STORY: How Texas can execute a man with an IQ of 61," by Brian Evans, posted on the Amnesty USA site on August 2, 2012.
GIST: "According to his most recent test, Marvin Wilson has an IQ of 61 (most states bar executions for those with IQs at 70 or below). That puts him below the first percentile of human intelligence,
and he’s in an even lower percentile for adaptive functioning. Despite
the US Supreme Court’s ten-year old ban on executing the “mentally
retarded” (Atkins v. Virginia), Marvin Wilson faces execution in Texas on August 7.........To determine whether its “level and degree of mental retardation” has
been reached, the TCCA developed a set of seven questions that the
court itself suggested were inspired by Lennie Small, the mentally
impaired ranch hand in John Steinbeck’s Of Mice and Men. Lennie is a fictional character from a book written 75 years ago. The American Association of Intellectual and Development Disabilities (AAIDD) has written that these 7 questions “…are based on false stereotypes about mental retardation that effectively exclude all but the most severely incapacitated.” The AAIDD (known then as AAMR), was the main scientific authority noted by the US Supreme Court in Atkins.

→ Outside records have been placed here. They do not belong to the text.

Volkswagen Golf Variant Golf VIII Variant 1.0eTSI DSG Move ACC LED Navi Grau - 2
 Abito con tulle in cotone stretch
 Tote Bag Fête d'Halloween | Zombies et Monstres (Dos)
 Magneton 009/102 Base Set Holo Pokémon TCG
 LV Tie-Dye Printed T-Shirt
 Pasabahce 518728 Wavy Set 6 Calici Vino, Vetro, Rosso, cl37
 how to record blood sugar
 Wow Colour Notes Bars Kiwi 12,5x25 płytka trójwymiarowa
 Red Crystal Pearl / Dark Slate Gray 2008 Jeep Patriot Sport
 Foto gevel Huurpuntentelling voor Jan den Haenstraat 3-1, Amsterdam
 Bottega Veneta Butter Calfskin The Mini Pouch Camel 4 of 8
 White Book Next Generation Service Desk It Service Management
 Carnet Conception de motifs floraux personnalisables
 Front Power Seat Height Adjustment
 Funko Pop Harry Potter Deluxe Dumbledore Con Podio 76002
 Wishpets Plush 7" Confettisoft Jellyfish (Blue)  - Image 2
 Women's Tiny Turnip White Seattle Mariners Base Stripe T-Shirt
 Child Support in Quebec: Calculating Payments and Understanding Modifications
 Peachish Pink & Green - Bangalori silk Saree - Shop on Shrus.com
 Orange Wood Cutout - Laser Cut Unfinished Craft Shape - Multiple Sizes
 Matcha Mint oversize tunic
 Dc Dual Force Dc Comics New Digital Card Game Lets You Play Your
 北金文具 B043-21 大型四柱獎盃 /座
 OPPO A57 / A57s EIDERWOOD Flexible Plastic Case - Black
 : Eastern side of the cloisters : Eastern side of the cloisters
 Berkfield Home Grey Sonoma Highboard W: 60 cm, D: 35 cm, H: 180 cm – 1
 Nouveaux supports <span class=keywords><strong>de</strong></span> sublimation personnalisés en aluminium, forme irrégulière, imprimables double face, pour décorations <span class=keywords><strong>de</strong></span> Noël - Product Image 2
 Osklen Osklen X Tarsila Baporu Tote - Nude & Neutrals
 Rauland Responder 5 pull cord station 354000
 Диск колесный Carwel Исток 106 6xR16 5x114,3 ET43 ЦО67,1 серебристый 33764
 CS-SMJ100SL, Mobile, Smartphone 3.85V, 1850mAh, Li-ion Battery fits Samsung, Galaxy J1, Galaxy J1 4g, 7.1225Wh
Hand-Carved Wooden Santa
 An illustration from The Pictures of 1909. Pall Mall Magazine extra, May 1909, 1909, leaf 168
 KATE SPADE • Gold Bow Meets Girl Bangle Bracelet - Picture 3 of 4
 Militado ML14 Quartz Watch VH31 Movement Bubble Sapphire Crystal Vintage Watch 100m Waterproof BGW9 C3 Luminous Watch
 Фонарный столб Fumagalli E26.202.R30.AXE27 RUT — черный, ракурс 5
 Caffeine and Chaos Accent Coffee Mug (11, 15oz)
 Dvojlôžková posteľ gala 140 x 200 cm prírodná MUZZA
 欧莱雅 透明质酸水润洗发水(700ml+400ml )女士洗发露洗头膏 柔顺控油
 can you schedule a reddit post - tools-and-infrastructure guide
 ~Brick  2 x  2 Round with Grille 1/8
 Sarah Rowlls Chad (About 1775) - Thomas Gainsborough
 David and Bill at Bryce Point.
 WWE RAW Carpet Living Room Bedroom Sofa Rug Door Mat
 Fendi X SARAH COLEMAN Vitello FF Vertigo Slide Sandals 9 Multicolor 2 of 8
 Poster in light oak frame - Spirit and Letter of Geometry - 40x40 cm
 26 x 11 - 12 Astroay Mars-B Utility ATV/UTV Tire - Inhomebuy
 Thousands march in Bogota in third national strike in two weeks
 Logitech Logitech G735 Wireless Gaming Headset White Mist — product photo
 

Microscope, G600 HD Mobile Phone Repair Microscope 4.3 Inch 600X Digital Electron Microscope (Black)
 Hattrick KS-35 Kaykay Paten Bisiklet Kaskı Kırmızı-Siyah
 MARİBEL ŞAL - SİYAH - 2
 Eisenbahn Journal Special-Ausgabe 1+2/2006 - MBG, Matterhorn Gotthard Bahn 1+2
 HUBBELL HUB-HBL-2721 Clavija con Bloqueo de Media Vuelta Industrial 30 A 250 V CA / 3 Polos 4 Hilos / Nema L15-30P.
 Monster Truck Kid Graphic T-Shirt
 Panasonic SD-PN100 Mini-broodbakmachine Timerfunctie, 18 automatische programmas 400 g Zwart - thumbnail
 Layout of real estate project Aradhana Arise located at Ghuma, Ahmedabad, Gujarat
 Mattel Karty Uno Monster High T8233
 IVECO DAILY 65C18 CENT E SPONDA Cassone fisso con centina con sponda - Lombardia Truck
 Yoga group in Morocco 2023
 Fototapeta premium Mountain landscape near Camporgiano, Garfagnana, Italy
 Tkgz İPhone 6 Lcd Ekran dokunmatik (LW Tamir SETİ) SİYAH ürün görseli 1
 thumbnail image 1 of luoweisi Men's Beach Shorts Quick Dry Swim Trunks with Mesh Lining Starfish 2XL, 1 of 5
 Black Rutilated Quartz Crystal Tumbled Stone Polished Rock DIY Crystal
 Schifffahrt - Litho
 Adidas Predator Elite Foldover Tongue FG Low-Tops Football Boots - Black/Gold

Nonetheless, Marvin Wilson was evaluated by the TCCA’s dubious
criteria, and found to be eligible for execution. So it seems that by
interpreting a US Supreme Court ruling with 1930s literature instead of
21st century science, Texas has effectively exempted some prisoners with
“mental retardation” from the protections ordered by our nation’s
highest court. And unless the US Supreme Court or someone intervenes, Texas will execute Marvin Wilson on August 7."